TASK REQUIREMENTS:
Begin with the line holding "Today in this" and end with the last line of the records below. Set down exactly those lines and leave out every picture.

####

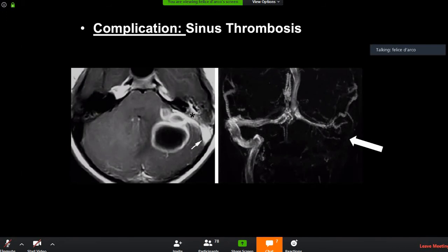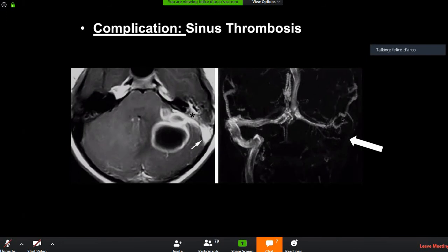Our protocol is based on MRI, MRV, and MR with contrast. We do contrast because if you do a 3D gradient sequence — like the stealth sequence neurosurgeons use pre-operatively — the veins will be full of contrast, giving you a CT venography-like appearance. MRV without contrast can fool you due to acquisition plane issues, technical settings, or the evolution of the thrombus.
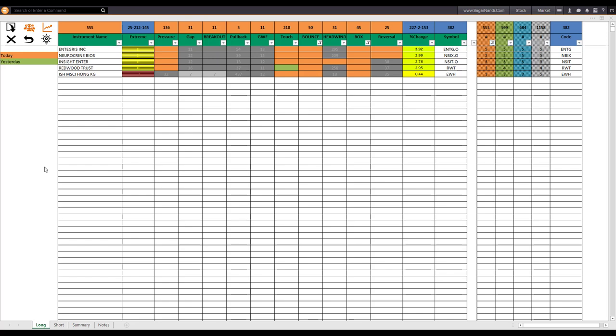The next step will be to check their fundamentals by clicking the peer analysis icon and also check their industry strength from Q Edge. Once you identify a trade where the technicals are bullish, fundamentals are bullish, and industry strength is also bullish, you are able to confidently take the trade as a Q 360-degree trade.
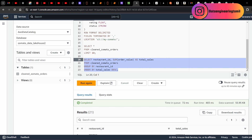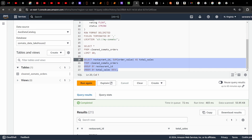So in the lake you store data, in the warehouse you process it — together that is the lakehouse. Thanks for watching. You can subscribe, and follow the Instagram page Data Engineering Tamil for many big data and data engineering videos. Thank you.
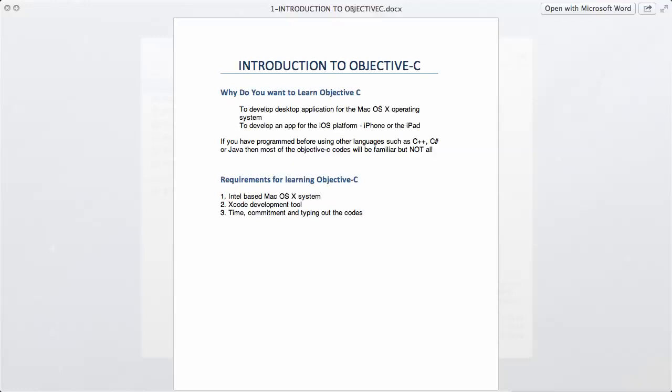In this video series, we're going to be learning how to program in Objective-C. This is the introductory video, so there is not much to learn here as you can see from the screen.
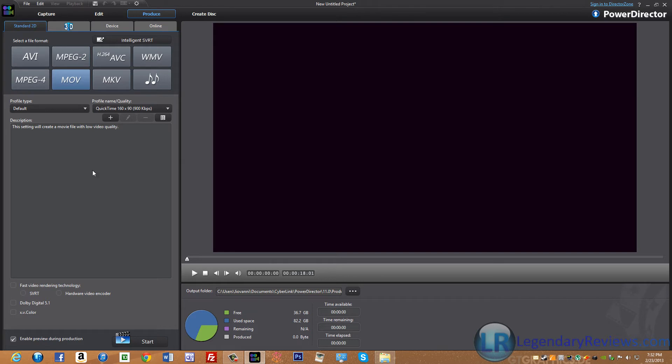The MOV format is great if you have a Mac. I would recommend it because this format is supported in QuickTime.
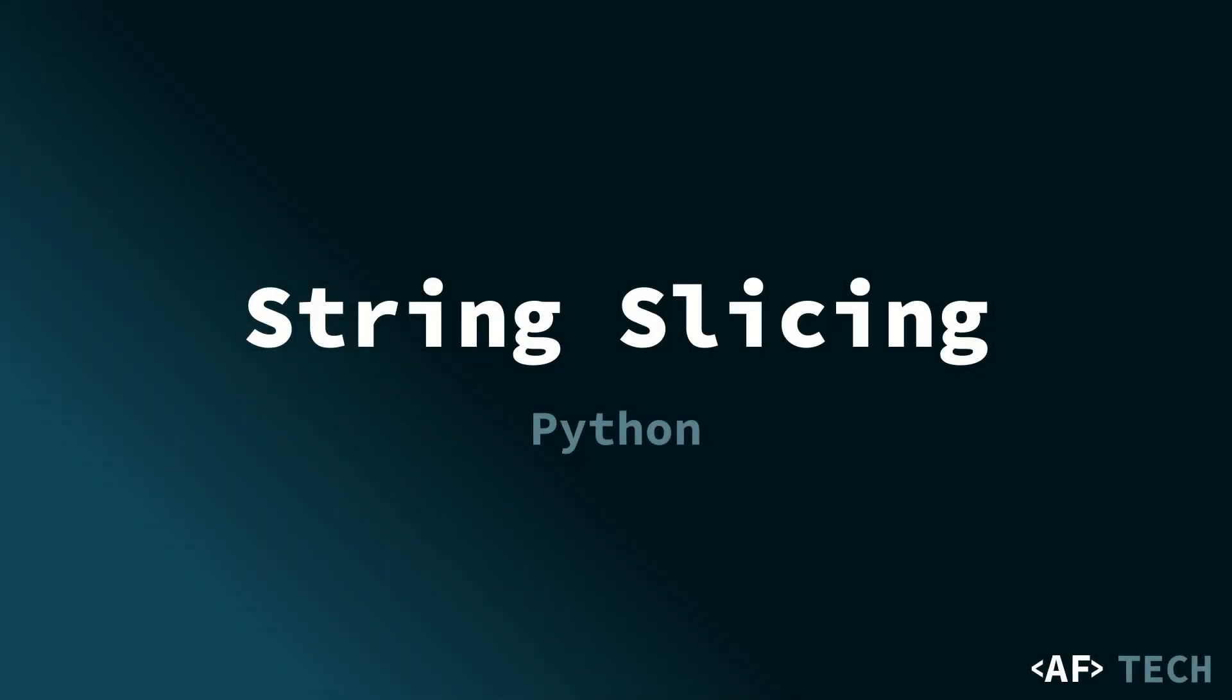Hello everyone, today I'm going to teach you about string slicing. String slicing is a powerful technique that allows us to extract substrings from a string.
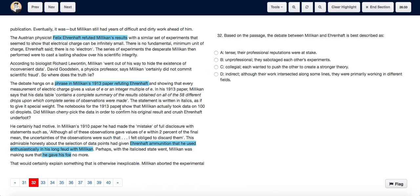So we can say that their relationship was tense because their professional reputation was at stake. Hence, we choose option A.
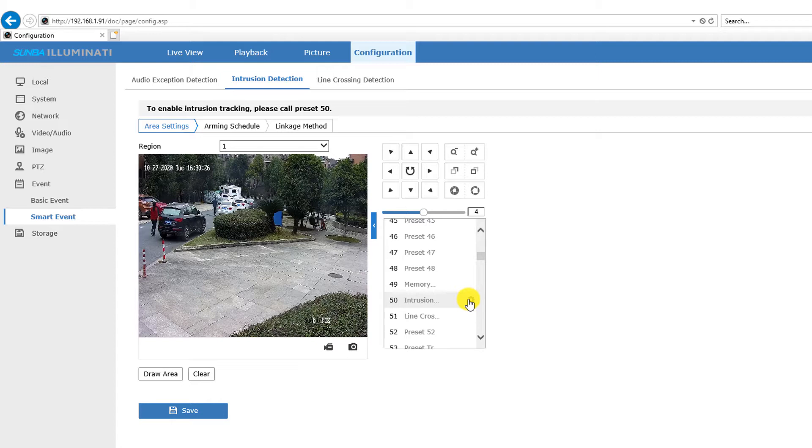This feature is ideal for applications where the customers are monitoring distant objects and once the line cross or intrusion tracking has been triggered, they need to have the camera zoom in to that object immediately instead of having the camera automatically perform the zoom in as the object goes away.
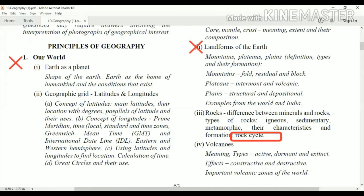In my next video I am going to explain latitudes and longitudes, the geographic grid, GMT, and all those things. That's it for today — hope you enjoyed the video and it was useful for you.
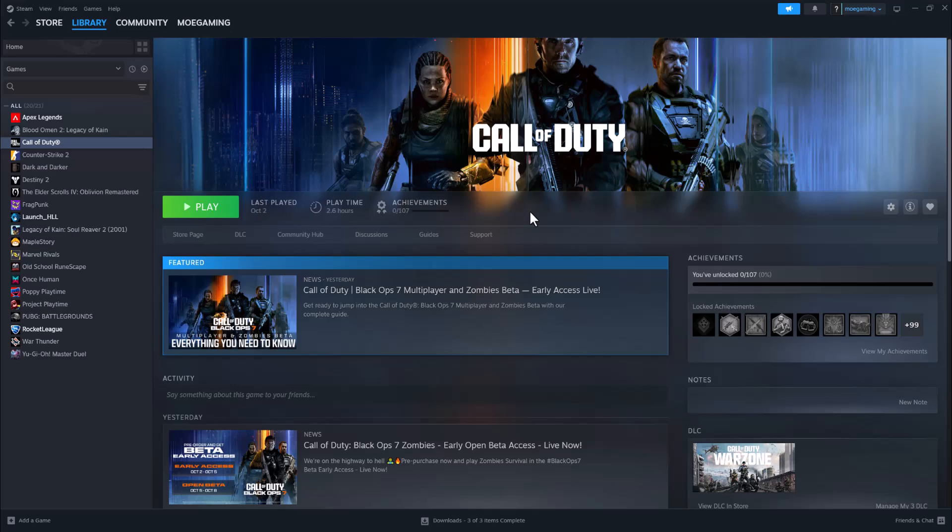What's up everyone, this is Mo Gaming. Today I'm going to show you how to fix the Black Ops Cold War DirectX error code, or the DirectX unrecoverable error that you may be getting.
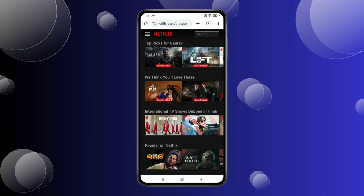Today in this video, I show you how to watch Netflix from different countries. If you want to watch other countries' content on Netflix that is not showing in your country, you can take help of this method which I will show you in this video.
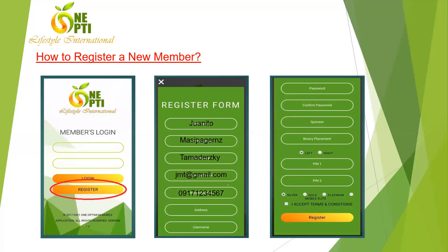For the mobile number, if your customer doesn't have one, you can just put in zeros. For the address, you don't need the complete address — just the city is fine. For the username, this is important: the username is your lifetime username in OneOpti and cannot be changed, so make sure the spelling is correct. You can use numbers, a name, or an alphanumeric combination.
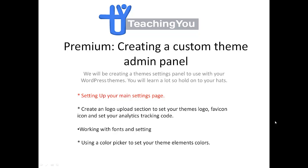Hi guys, welcome to this premium tutorial. I'm going to show you how to create a custom theme admin panel. Today we will be creating a theme settings panel to use with your WordPress themes. You will learn a lot, so hold on to your hats.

####

WRITTEN ANSWER:
Today in this video, I show you how to watch Netflix from different countries. If you want to watch other countries' content on Netflix that is not showing in your country, you can take help of this method which I will show you in this video.
For the mobile number, if your customer doesn't have one, you can just put in zeros. For the address, you don't need the complete address — just the city is fine. For the username, this is important: the username is your lifetime username in OneOpti and cannot be changed, so make sure the spelling is correct. You can use numbers, a name, or an alphanumeric combination.
Hi guys, welcome to this premium tutorial. I'm going to show you how to create a custom theme admin panel. Today we will be creating a theme settings panel to use with your WordPress themes. You will learn a lot, so hold on to your hats.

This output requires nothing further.